After his death, his daughters established the Leon and Marilyn Klinghoffer Memorial Foundation with the Anti-Defamation League. [3]The foundation combats terrorism through educational, political and legal means. The foundation is funded by anundisclosed settlement paid by the PLO to the Klinghoffers to settle a lawsuit seeking damages for the PLO's role in the hijacking (Klinghoffer v. PLO, 739 F. Supp. 854 (S.D.N.Y. 1990) and Klinghoffer v. PLO, 937 F.2d 44, 50 (2d Cir. 1991)). This lawsuit spurred passage of the Antiterrorism Act of 1990 which made it easier for victims of terrorism to sue terrorists and collect civil damages for losses incurred.
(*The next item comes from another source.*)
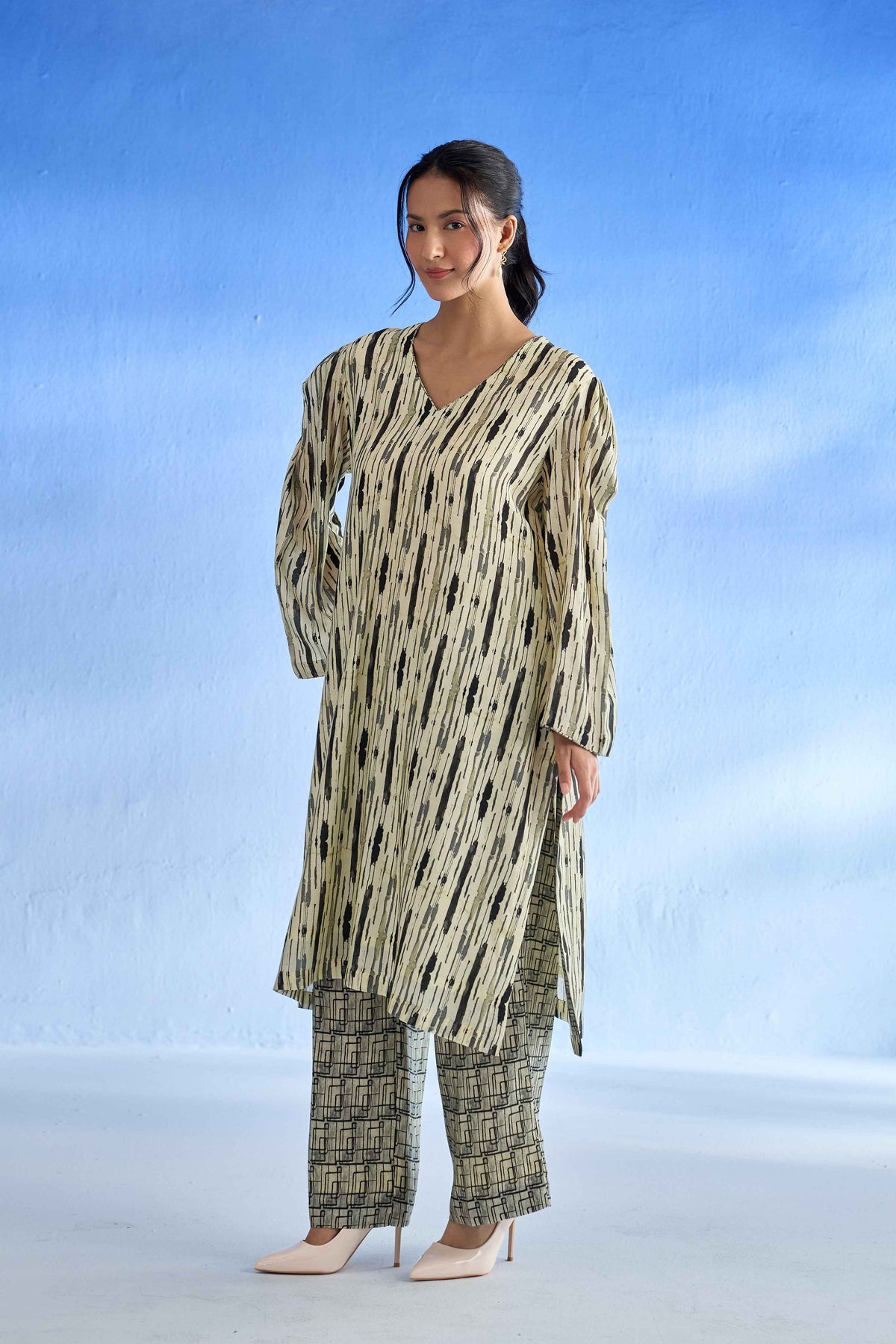 Abstract Elegance Mulsatin Co-Ord Set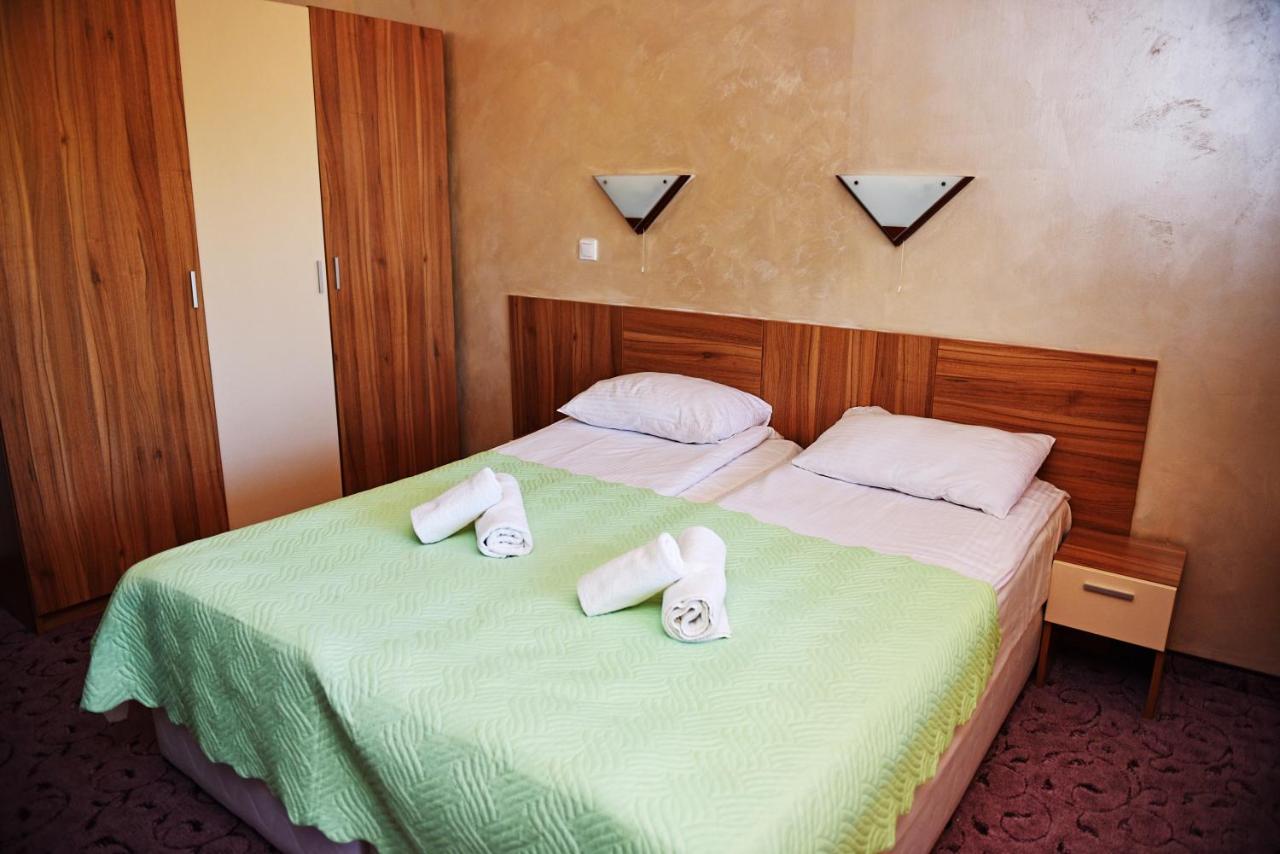 Aparthotel Forest Nook بامبوروفو المظهر الخارجي الصورة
The hijacking was made into a television movie in 1990, Voyage of Terror – The Achille Lauro Affair starring Burt Lancaster and Eve Marie Saint. American minimalist composer John Adams' second opera, The Death of Klinghoffer, based on the events of 1985 opened to great controversy in 1991. The concept for the opera was suggested by director Peter Sellars and it featured a libretto by Alice Goodman. The Los Angeles Opera shared in the works' commission but never presented it. A Prix Italia-winning television version of the opera, starring Sanford Sylvan and Christopher Maltman, and directed by Penny Woolcock, was screened by United Kingdom's Channel 4 in 2003.